Ancient, Medieval and Pre-colonial India

One of the earliest treatises on famine relief goes back more than 2000 years. This treatise is commonly attributed to Kautilya, who recommended that a good king should build new forts and water-works and share his provisions with the people, or entrust the country to another king. Historically, Indian rulers have employed several methods of famine relief. Some of these were direct, such as initiating free distribution of food grains and throwing open grain stores and kitchens to the people. Other measures were monetary policies such as remission of revenue, remission of taxes, increase of pay to soldiers, and payment of advances. Yet other measures included construction of public works, canals, and embankments, and sinking wells. Migration was encouraged. Kautilya advocated raiding the provisions of the rich in times of famine to "thin them by exacting excess revenue." Information on famines from ancient India up to colonial times is found in four primary sources:

  1. Legendary tales passed down in oral tradition that keep alive the memory of famines
  2. Ancient Indian literature such as the Vedas, Jataka stories, and the Arthashastra
  3. Stone and metal inscriptions provide information on several famines before the 16th century
  4. Writings of Muslim historians in Mughal India

Legendary famines preserved in oral tradition are the Dvadasavarsha Panjam (Twelve-year Famine) of south India and the Durgadevi famine of the Deccan from 1396 to 1407. From Hindu literature, there is the 7th century famine due to failure of rains in Tanjore district mentioned in the Periya Puranam. According to the Purana, Lord Shiva helped the Tamil saints Sambandhar and Appar to provide relief from the famine. Another famine in the same district is recorded on an inscription with details such as "times becoming bad", a village being ruined, and cultivation of food being disrupted in Alangudi in 1054. However, the primary sources for famines in this period are incomplete and locationally based

The ancient Ashokan edicts of the Mauryan age around 269 BC record emperor Ashoka's conquest of Kalinga, roughly the modern state of Orissa. The major rock and pillar edicts mention the massive human toll of about 100,000 due to the war. The edicts record that an even larger number later perished, presumably from wounds and famine. The Tughlaq dynasty under Muhammad bin Tughluq held power in Delhi during the famine in and around Delhi in 1335–42. The sultanate offered no relief to the starving residents of Delhi during this famine. The oldest famine in pre-colonial Deccan with well-preserved local documentation is the famine of 1791–92. Relief was provided by the ruler, the Peshwa Sawai Madhavrao II, in the form of imposing restrictions on export of grain and importing rice in large quantities from Bengal via private trading, however the evidence is often too scanty to judge the 'real efficacy of relief efforts' in the Mughal period. Other pre-colonial famines in the Deccan were the Damajipant famine of 1460 and the famines starting in 1520 and 1629. The famine in the Deccan and Gujarat, was another famine in India's history. An estimated 3 million perished in Gujarat and one million in the Deccan. In the second year the famine killed not only the poor but the rich as well. The Damajipant famine is said to have caused ruin both in the northern and southern parts of the Deccan. Famines hit the Deccan in 1655, 1682 and 1884. A further famine from 1702-1704 killed over two million people.

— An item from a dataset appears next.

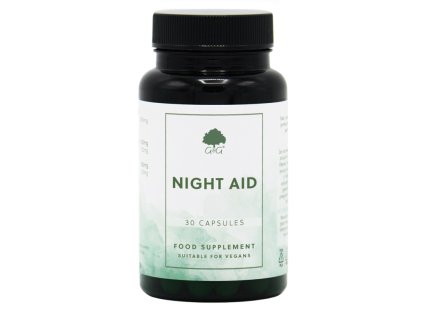 Witaminy G&G - NIGHT AID - 30 kapsułek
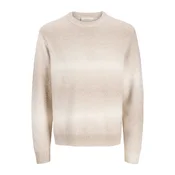 Jack & Jones Junior Pulover JORTORONTO bež/kremna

According to Mushtaq A. Kaw, measures employed by the Mughal and Afghan rulers to fight famine in Kashmir were insufficient due to geographic obstacles, corruption in the Mughal administration. Mughal officials took no long term measures to fight famines in Kashmir, and the land tax system of Mughal India often contributed to the scale of famines by depriving Indian peasants of much of their harvest in the goods years, denying them the opportunity to build up stocks.